Los Cuarenta Bramadores

«En el hemisferio sur, entre la latitud 40º y 55º S existen vientos muy fuertes del oeste en mitad del Océano Antártico, único océano que da la vuelta completa a la tierra sin verse interrumpido por ningún continente, conectando el Océano Indico con el Pacifico Sur y el Océano Atlántico. Los vientos en estos lugares tienen el mismo origen que los del hemisferio norte y se originan en las células de Ferrel, pero de media son en torno a un 40% más potentes. Más de la mitad del tiempo sopla con fuerza superior a 25 nudos debido a la concatenación de depresiones originadas en esas latitudes, debidas al encuentro de aire frío de la Antártida con la superficie templada del mar. Al no existir tierras que lo interrumpan, la velocidad no disminuye y los vientos no se debilitan. Más allá de los 50º de latitud Sur el viento es todavía más feroz y frío», leyó con atención el joven ingeniero. Discó el número de teléfono de la fábrica y cerró el trato. Juan Sebastián Elcano, el buque insignia de la Armada en la península ibérica, iba a navegar con su velámen.

En el otoño de 1900, a la vuelta al estrecho, los dos capitanes dejaron sus estómagos entre la cubierta, la cala, el océano y el viento que chillaba en sus oídos, dentro de sus cabezas y que permanecería en sus recuerdos, hasta la fecha de su muerte. Siguieron rumbo al norte, a Valparaíso, luego más allá y en menos de lo que canta un gallo, el paisaje había cambiado completamente. Un color oro y ocre se extendía por donde alcanzaba la vista. Al otro lado, el mar azul intenso estaba en perfecta calma, excepto en los lugares donde la geografía se cortaba a pique por algún capricho de la voluntad del Creador. El olor a amonio era penetrante y los pequeños granos de arena que levantaba el viento, lijaban la cubierta y los palos de mesana sin la menor contemplación, mientras la tripulación se perdía entre los lenocinios de los puertos y los fantasmas de antiguos pirquineros, que habían dejado su alma para extraer el mineral y amenazaban con volver loco a quien se topase con ellos y sus secretos de minas abandonadas, en medio del desierto.

El buque, concluida la faena, quedaba lleno del salitre más rico de toda la costa occidental del mundo, pero había que hacer una última parada en el «Puerto de mi Amor», porque los Cuarenta Bramadores no perdonaban, no dejaban a nadie pasar ileso y no había forma de evitarlos, entre toda la vastedad del mar, que se extendía pasadas las últimas islitas peladas y el polo Sur.

El terrible rugido de los Cuarenta Bramadores reproducía el ruido característico de una sierra cortando madera y no sólo era un ruido, el velámen, los vestidos y todo aquello que flameara a su albedrío terminaba en jirones de pesadumbre que, en la inmensidad de los elementos y la negrura de las noches, traían a los hombres tristezas y supersticiones.
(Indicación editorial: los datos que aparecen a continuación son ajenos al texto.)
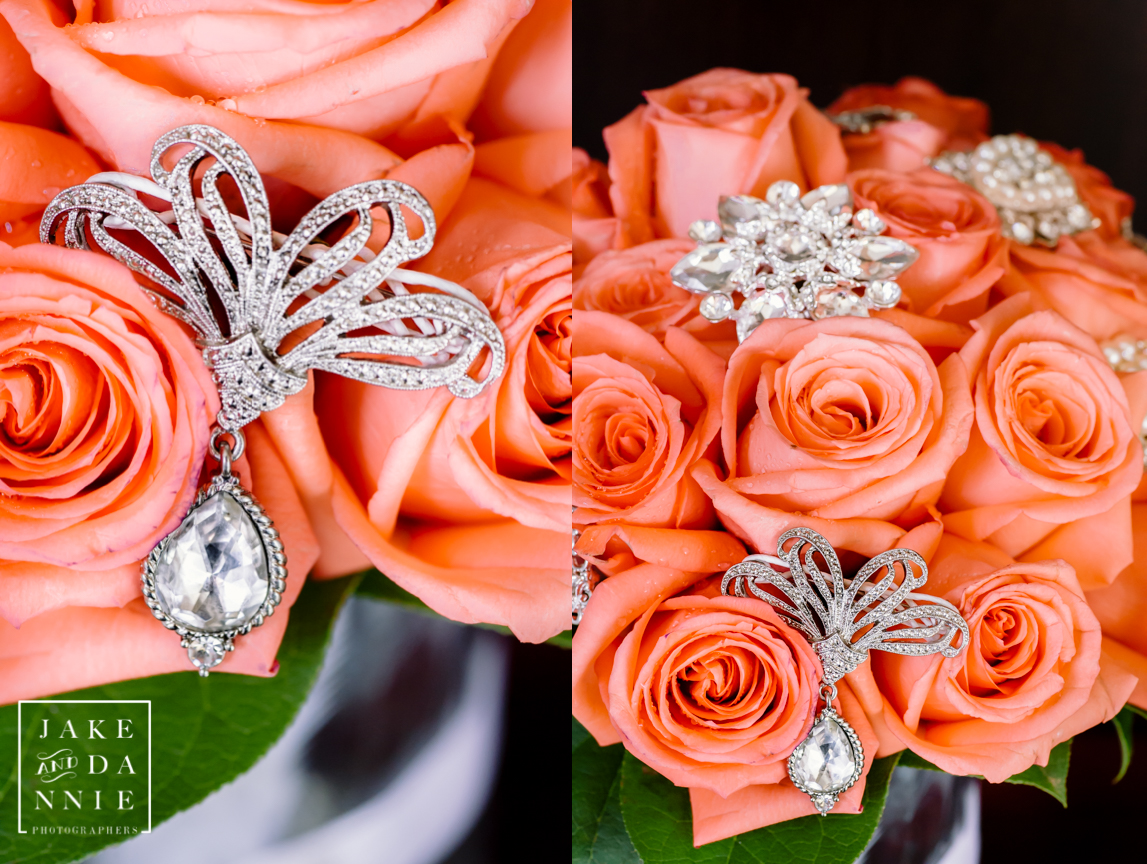 Some of the bride's jewlery displayed on her boquet before the wedding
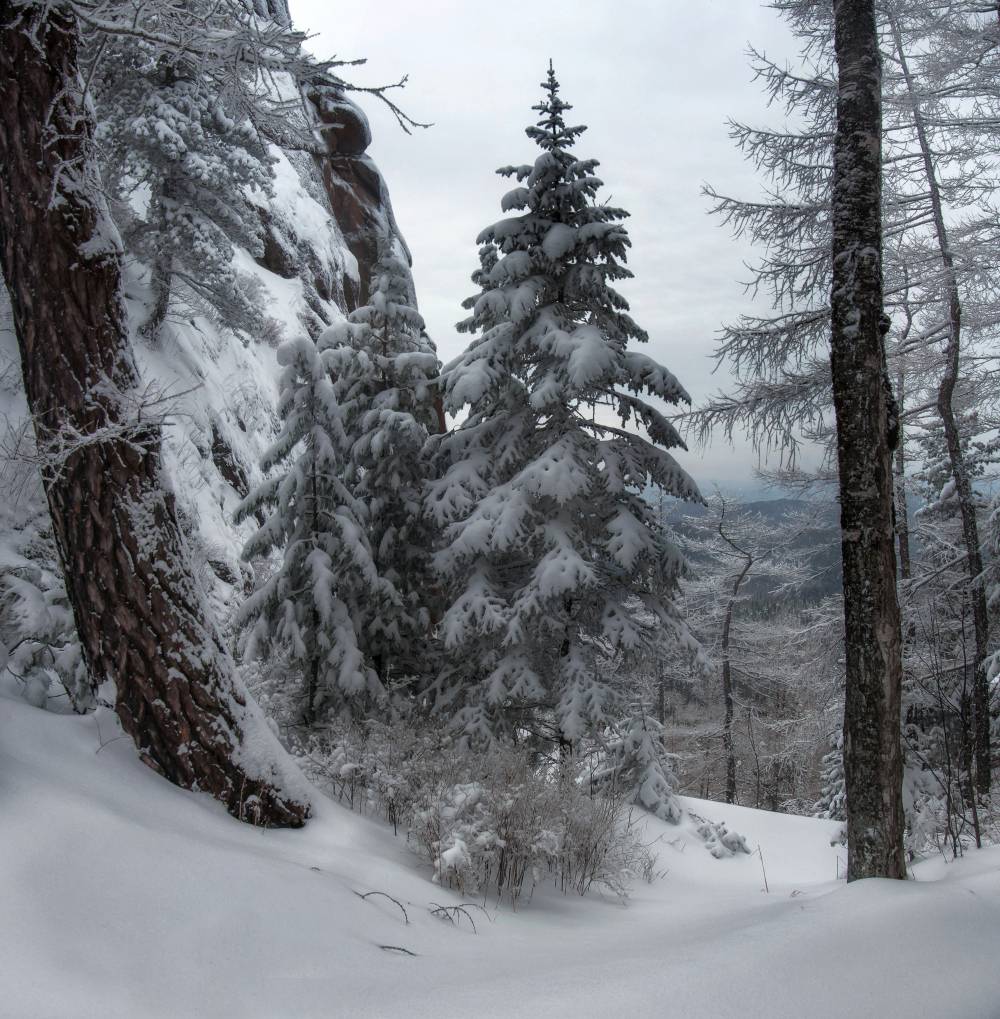 зима, столбы, снег, скалы, Марина Фомина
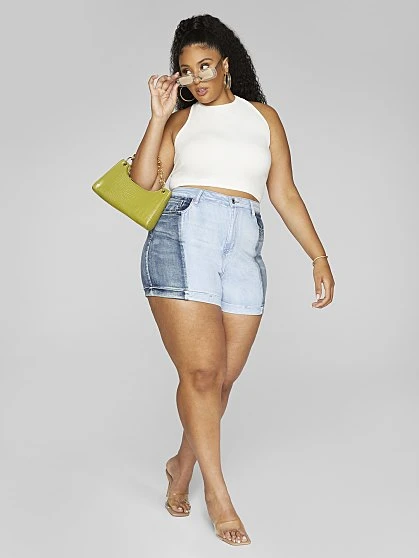 Fashion To Figure High Rise Two Tone Denim Shorts 1 Fashion To Figure High Rise Two Tone Denim Shorts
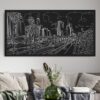 Framed Los Angeles Skyline Canvas Wall Art - Pano - Living Room - Main - Dark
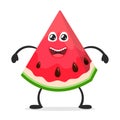 Happy smiling watermelon. Funny fruit concept. Flat cartoon character icon. Vector illustration. Royalty Free Stock Photo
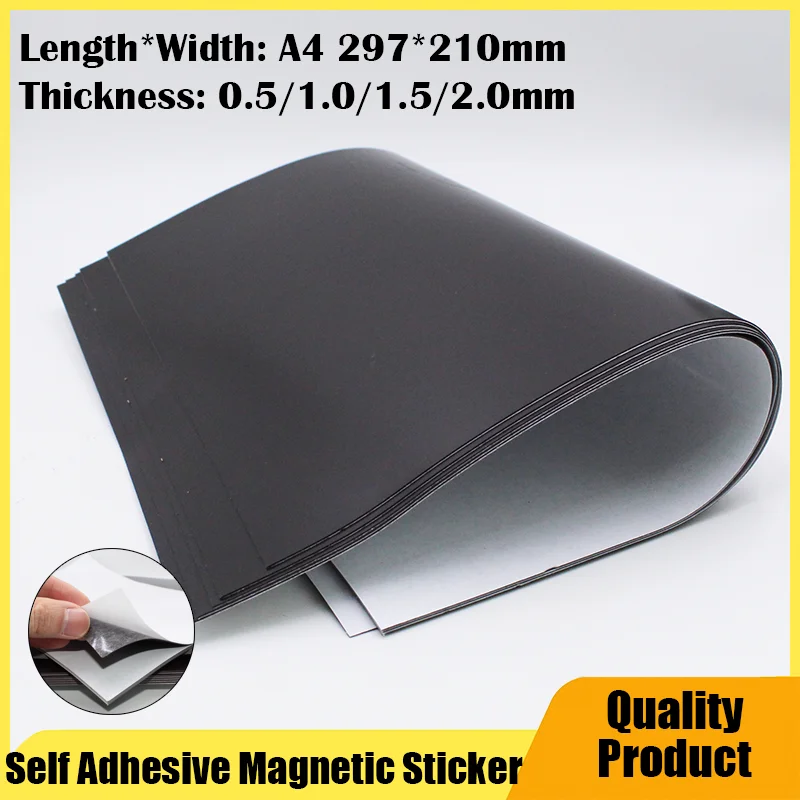 Thick 0.5/1.0/1.5mm A4 Rubber Soft White Magnetic Sheet Self-adhesive Magnetic Tape for Refrigerator Photo Picture Fridge Magnet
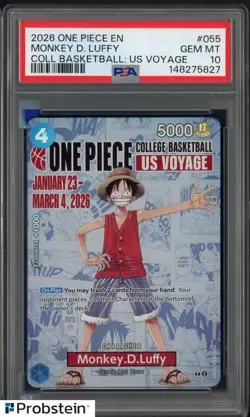2026 One Piece EN College Basketball US Voyage #055 Monkey D Luffy PSA 10 - Image 1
Era preciso combatirlo con lo que estuviera a mano, una lucha contra gigantes, pero la fascinación y la codicia de los marineros por llegar a los puertos ingleses con el cargamento, eran suficiente incentivo para hacer esta travesía al menos tres veces en el año.
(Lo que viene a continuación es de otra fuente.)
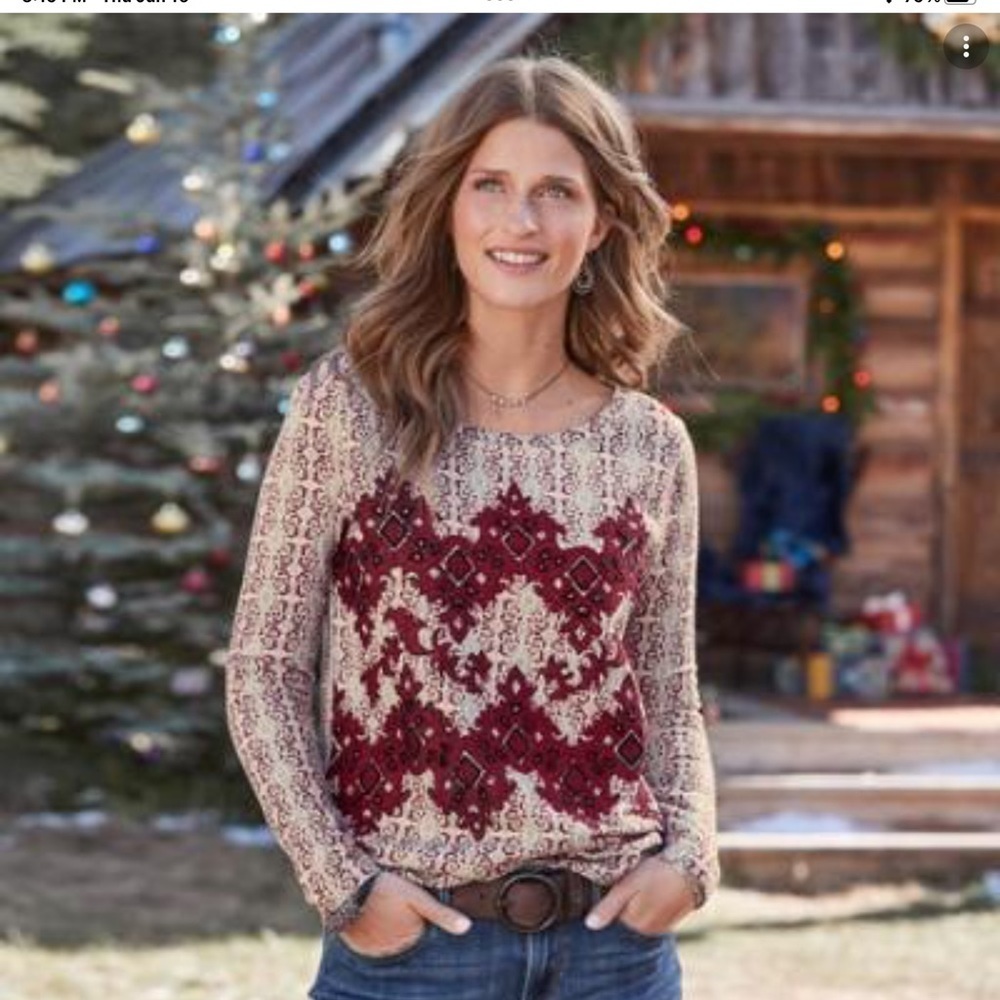 Sundance Neva Tapestry Top Long Sleeve Beaded Burgundy Ivory M Blouse T136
Los dos capitanes se habían cansado de este viaje esquizofrénico, pero no dejaron a merced del viento a sus iguales. Sabían que era preciso, si se quería llegar con vida al otro lado del estrecho, contar con el velámen de repuesto, además de jarcias y montoneras para vencer a los Cuarenta. Estaba ahi la nueva aventura para ellos. Arrendaron un galpón destartalado  en uno de los cerros mágicos del «Puerto Principal» y con humildad, pero con decisión, iniciaron la fábrica que le daría renombre a sus dotes de artesanos.

Pasaron muchas cosas y pasaron muchos años. El salitre se perdió de la faz de la tierra, los marineros que lo conocieron, murieron tragados por su codicia, sus vicios y sus desventuras, pero la fábrica de los ahora añosos capitanes siguió en pié. El buque escuela Esmeralda, la insignia máxima de la marina nacional, les confió su mayor tesoro, sus velas y aparejos y ellos no le dejaron mal. Hoy siguen llenando el horizonte con sus paños blancos, con la certeza de su arte y con la confianza de quien ha vencido a los Cuarenta Bramadores en su propio territorio.